Self-efficacy in academic reading and writing, authorial identity and learning strategies in first-year students

Maguire, Moira, Everitt Reynolds, Ann and Delahunt, Brid (2013) Self-efficacy in academic reading and writing, authorial identity and learning strategies in first-year students. AISHE-J: The All Ireland Journal of Teaching and Learning in Higher Education, 5 (1). ISSN 2009-3160


Increasingly evidence indicates that students' engagement with academic writing and their  wider approaches to study are influenced by their  beliefs about themselves as writers.  To provide effective support for academic writing, an understanding of these beliefs, particularly in the first year, is essential.  This study sought to examine beliefs about writing held by first year students in a department of Nursing, midwifery & Health Studies, the relationships between these beliefs and their associations with learning strategies.

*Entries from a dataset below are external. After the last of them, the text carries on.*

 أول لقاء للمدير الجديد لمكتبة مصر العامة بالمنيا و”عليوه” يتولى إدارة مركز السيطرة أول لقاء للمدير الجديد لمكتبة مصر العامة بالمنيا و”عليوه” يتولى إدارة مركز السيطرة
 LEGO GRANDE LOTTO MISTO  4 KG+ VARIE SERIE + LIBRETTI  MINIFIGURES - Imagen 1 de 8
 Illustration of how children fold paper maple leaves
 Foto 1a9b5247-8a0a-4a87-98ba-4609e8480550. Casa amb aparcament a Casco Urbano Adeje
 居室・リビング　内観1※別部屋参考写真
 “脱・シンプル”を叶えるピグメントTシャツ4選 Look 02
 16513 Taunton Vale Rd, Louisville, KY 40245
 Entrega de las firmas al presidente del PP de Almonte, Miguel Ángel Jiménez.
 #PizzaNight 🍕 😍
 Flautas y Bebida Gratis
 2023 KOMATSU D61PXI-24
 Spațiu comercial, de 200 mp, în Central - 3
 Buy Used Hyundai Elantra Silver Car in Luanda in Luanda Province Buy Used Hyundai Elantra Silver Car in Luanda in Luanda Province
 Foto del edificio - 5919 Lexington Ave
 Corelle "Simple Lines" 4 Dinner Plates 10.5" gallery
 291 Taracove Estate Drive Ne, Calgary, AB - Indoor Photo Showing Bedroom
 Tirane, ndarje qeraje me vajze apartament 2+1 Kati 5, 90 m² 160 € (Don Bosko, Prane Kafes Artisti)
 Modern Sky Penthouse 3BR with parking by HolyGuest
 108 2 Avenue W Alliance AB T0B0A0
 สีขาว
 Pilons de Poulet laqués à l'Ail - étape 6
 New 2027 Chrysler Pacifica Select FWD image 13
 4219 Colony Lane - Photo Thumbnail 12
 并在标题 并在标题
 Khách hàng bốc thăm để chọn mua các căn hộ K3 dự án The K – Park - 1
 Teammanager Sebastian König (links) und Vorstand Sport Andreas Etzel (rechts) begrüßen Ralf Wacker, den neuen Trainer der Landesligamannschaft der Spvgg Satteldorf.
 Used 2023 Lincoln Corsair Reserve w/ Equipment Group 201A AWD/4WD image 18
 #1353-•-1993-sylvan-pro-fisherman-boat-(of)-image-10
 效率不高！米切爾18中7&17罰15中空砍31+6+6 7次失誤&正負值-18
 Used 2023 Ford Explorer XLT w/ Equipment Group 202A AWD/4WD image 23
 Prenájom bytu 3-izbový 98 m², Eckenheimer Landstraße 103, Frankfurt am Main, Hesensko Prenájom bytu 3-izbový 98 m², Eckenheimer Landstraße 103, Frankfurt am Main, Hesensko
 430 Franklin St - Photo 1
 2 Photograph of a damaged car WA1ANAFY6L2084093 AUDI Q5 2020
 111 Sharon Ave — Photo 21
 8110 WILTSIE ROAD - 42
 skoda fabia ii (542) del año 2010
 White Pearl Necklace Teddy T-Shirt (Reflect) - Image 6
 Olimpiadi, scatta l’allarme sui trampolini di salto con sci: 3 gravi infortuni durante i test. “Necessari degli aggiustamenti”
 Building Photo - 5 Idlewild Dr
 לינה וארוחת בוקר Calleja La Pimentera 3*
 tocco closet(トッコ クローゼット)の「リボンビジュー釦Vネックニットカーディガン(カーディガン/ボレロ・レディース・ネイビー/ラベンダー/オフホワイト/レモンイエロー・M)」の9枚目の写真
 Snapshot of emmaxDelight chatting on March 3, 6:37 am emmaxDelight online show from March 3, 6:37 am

First- year students were surveyed at 3 points over the first-year.  They completed measures of academic reading and writing self-efficacy, authorial identity, learning strategies and the extent to which they saw themselves as novice writers.  Findings revealed that, typically, our students had fairly positive beliefs about their writing, although there was considerable variability.  Beliefs were associated with student characteristics: mature students and Nursing & Midwifery students reported higher levels of writing self-efficacy,. First-generation students were also significantly more likely to see themselves as novice writers.  There were strong positive correlations between all the measures of writing beliefs and in particular between reading and writing self-efficacies.  Beliefs about writing were positively associated with deep learning, and, to a lesser extent strategic learning.  Only a minority of students could be compared at different points in the year.  Where this was possible the beliefs were stable with the exception that positioning as a novice writer showed a significant increase.  The implications are discussed.